The Center for Nursing Leadership:
A Dynamic Learning Community

The Center for Nursing Leadership is a learning community for nurses who see themselves as leaders. By sustaining the community's learning, as well as disseminating its learning to others, the Center's goal is to offer transformational leadership to health care. The goal is not to assist members in honing skills and capacities for leadership positions. Rather, the Center focuses on deepening one's sense of self to create a genuine and authentic leader whose values engage others for shared endeavors.

CNL Members co-create the curriculum in partnership with selected faculty, including some of the Center members and other experts who represent the Native American, Asian and African healing traditions, as well as those who offer a circle process for sharing leadership in both easy times and in conflict, and capacity building for formal negotiation.
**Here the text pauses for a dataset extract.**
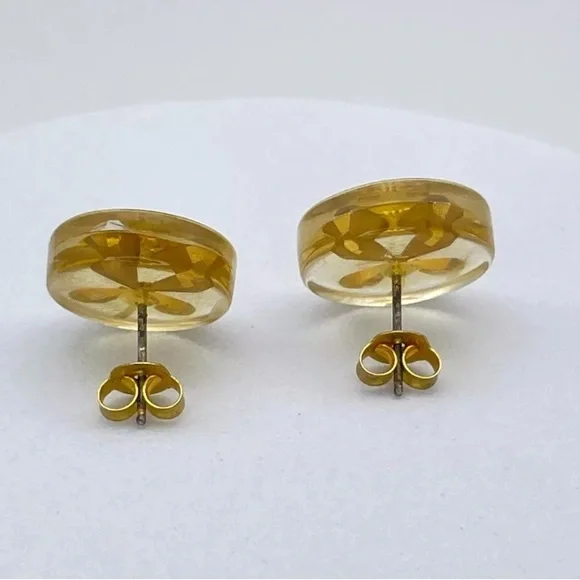 ☘️CHANEL Four Leaf Clover Pierced Earrings Gold Tone Round Clear Enamel Vintage - Picture 8 of 10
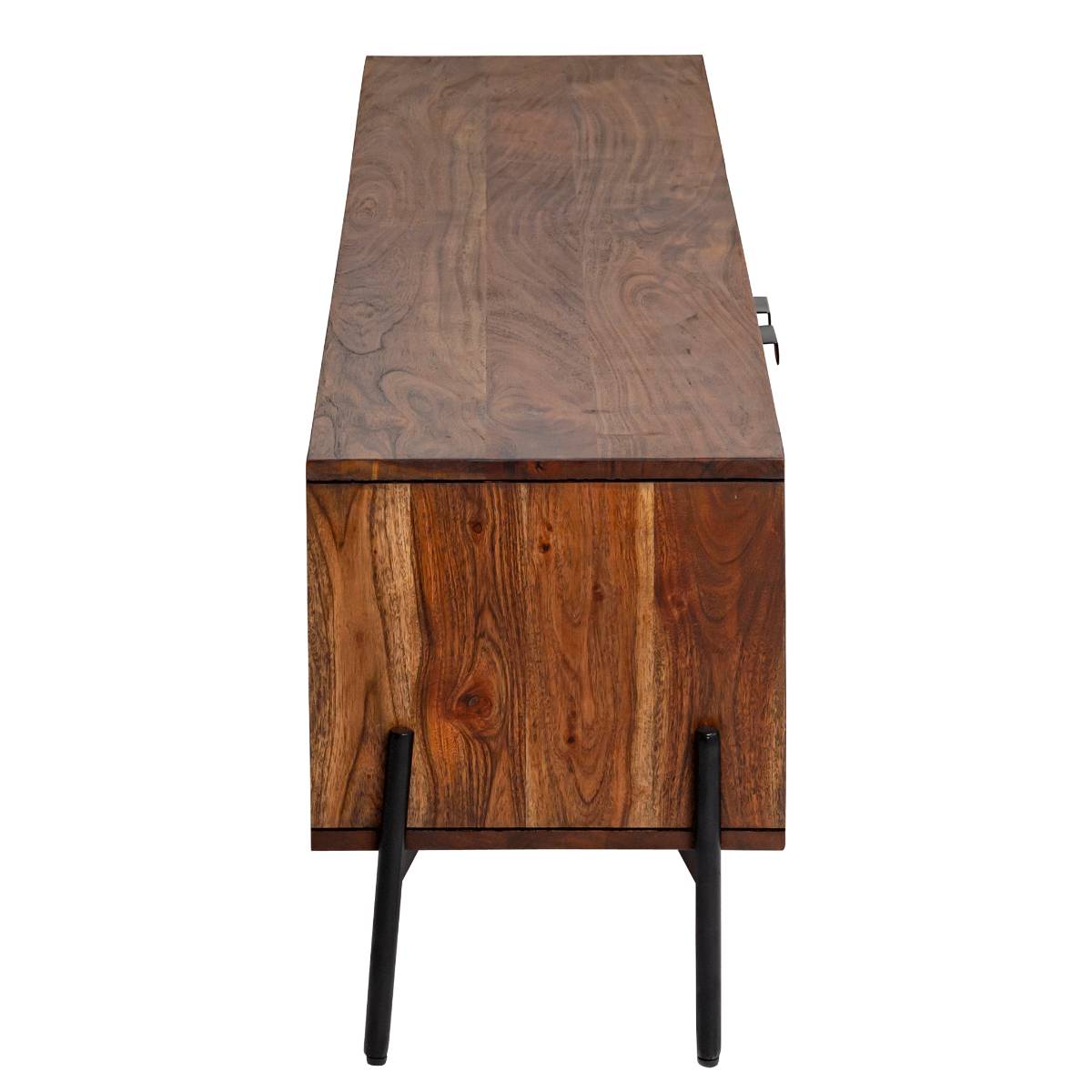 Meuble TV en bois d'acacia ELVIRA bois foncé, MADE IN MEUBLES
The learning is deep, as well as broad, based on self-initiative and responding to life's learning opportunities with mindfulness and value for both self and other.

By inviting and celebrating diversity, each Center member can reaffirm those values and beliefs essential to being a leader in today's fast-paced and ever changing health care environment. As a community, all members stretch to find new and unique ways for knowing, being and leading.

The Center has adopted community as a collective way of being. In an organization, the focus is function, in community, it is relationship. The Center offers an arena to hone expertise in building community. Be being authentic, each member can engage others in shared endeavors without resorting to the authority of a leadership position.

The Center adds to its membership every year. The curriculum extends beyond the first year or the Journey Toward Mastery, to being part of the dynamic learning community.

Transitioned into a not-for-profit legal entity in July 1999, the Center began under the umbrella of a partnership of the American Organization of Nurse Executives and the Network for Healthcare Management in 1994. The original and ongoing source of funding is the Hill-Rom Corporation, a leader in patient care products.